In 1976, Barry Boehm (Boeh76) proposed the definition of the term Software Engineering as the practical application of scientific knowledge in the design and construction of computer programs and the associated documentation required to develop, operate, and maintain them. This definition is consistent with traditional definitions of engineering, although Boehm noted the shortage of scientific knowledge to apply.
On one hand, science brings the discipline and practice of experiments, i.e. the ability to observe a phenomenon in the real world, build a model of the phenomenon, exercise (simulate or prototype) the model and induce facts about the phenomenon by checking if the model behaves in a similar way to the phenomenon. In this situation, the specifications of the phenomenon might not be known upfront but induced after the knowledge about the phenomenon is gathered from the model. These specifications or requirement are known a posteriori.
On the other hand, engineering is steered towards observing a phenomenon in reality, deducing facts about the phenomenon, build concrete blocks; structures (moulds) or clones based on the deduced facts and reuse these moulds to build a system that mimics the phenomenon in reality. In this situation, the specifications of the phenomenon are known upfront, i.e. deduced before even constructing any models, whilst observing the phenomenon. The process of specifying facts about the phenomenon is rarely a learning process, and requirements are known a priori.
The scientific approach is based on inductive modelling and the engineering approach is based on deductive modelling. Usually in software engineering we are very familiar with the deductive modelling approach, exploiting modelling paradigm such as UML, ERD, and DFD that are well established in the field. However, the uses of inductive modelling techniques are less familiar in business critical software engineering, but applied extensively in safety critical software engineering and academia. Typically, inductive modelling techniques are experiments carried out on prototypes, or simulation of dynamic models which are based on mathematical (formal methods), statistical and probabilistic models. The quality of the final product lies in the modelling power and the techniques used to express the problem. As mentioned earlier, we believe that the power of the modelling lies in the blending of the inductive and deductive modelling techniques.

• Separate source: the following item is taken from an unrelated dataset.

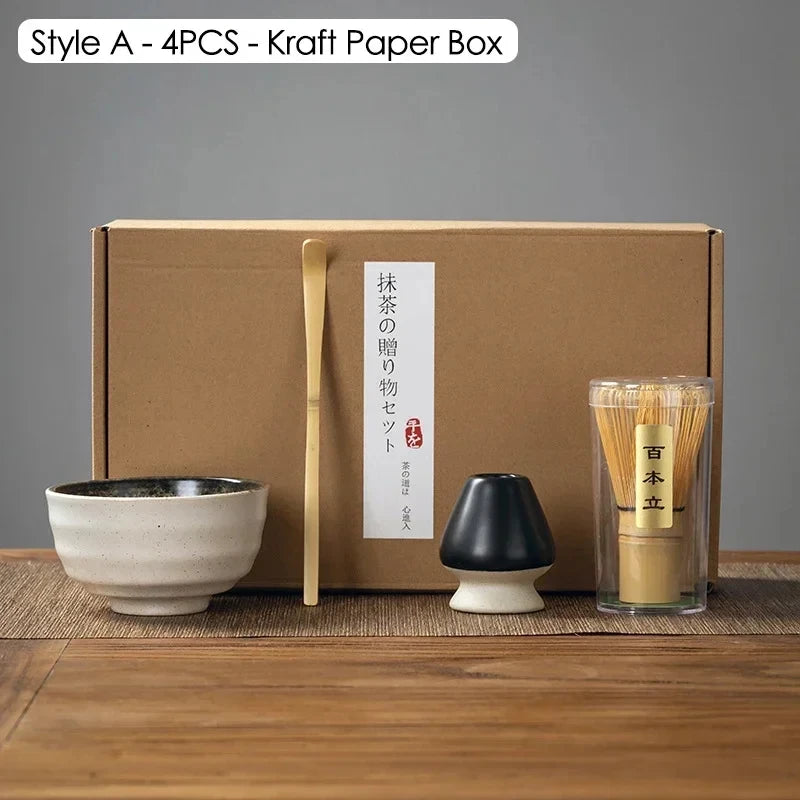 Ceramic Bowl, Bamboo Whisk & Tea Scoop Kit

The rationale of integrating inductive modelling techniques within the domain of our study is due to the elements of non-determinism, emergent behaviours, communicational dynamics which are those parts of the problem that cannot be known or abstracted upfront i.e. a priori. These elements differs from those parts of the problem that can be abstracted from a priori based on experience and domain knowledge, which are normally deduced and translated into structures or models (moulds) i.e. using deductive modelling techniques.
Inductive modelling techniques require a different approach of addressing the problem attributes. In these circumstances, we tend to believe that the requirements are false upfront, and the objective is to validate these requirements against predefined quality attributes. To do so, we build formal models (formal methods) to mimic the functionalities of the suggested requirements and run the models (dynamically) to check if the models conform to the expected output and agreed quality. The modelling tools are dynamic in nature, and very often they offer themselves very easily to simulation engines and formal tests that allow system designers to run and exercise the designs, to perform model validation and verification. Through several simulation runs, the models are modified, adjusted and reinforce until they match, to certain level of confidence, the quality attributes.
Testable Architecture as a Blended Modelling Approach
For many years, computer scientists have tried to unify both types modelling techniques in order to capture the several facets of the distributed communication systems and demonstrate the power of modelling to develop software artefacts of high quality.
Unlike other modelling frameworks, TA is not limited to deductive and static modelling techniques, as it uses pi calculus based on non-deterministic models, that are well known within the academic world, but not yet of a common use within industry. In fact TA acts as a natural “glue” to blend the various modelling approaches providing a framework with the primary objective of removing the characteristic of ad-hocness and ambiguity within the modelling Process.
Case Study: Testable Architecture used in Large Communication Model of Business Critical Systems
In the case study, we focus on the fundamental problem of underwriting within a global insurance group, which includes the characteristics of Underwriting Workflow System, Policy Manager, Document Management System and the Integration Layer.
We demonstrate how TA is used to reinforce the power of modelling by avoiding classical modelling pitfalls, defining traceability across the lifecycle, providing a reference model through iterations, and addressing defects at early stage, hence increasing the maturity of the process model.
As we mentioned earlier, the design approach employs both the deductive and inductive modelling techniques, and TA employs a formal method, Pi Calculus, that provides the ability to test a given architecture, which is an unambiguous formal description of a set of components and their ordered interactions coupled with constraints on their implementation and behaviour. Such a description may be reasoned over to ensure consistency and correctness against requirements.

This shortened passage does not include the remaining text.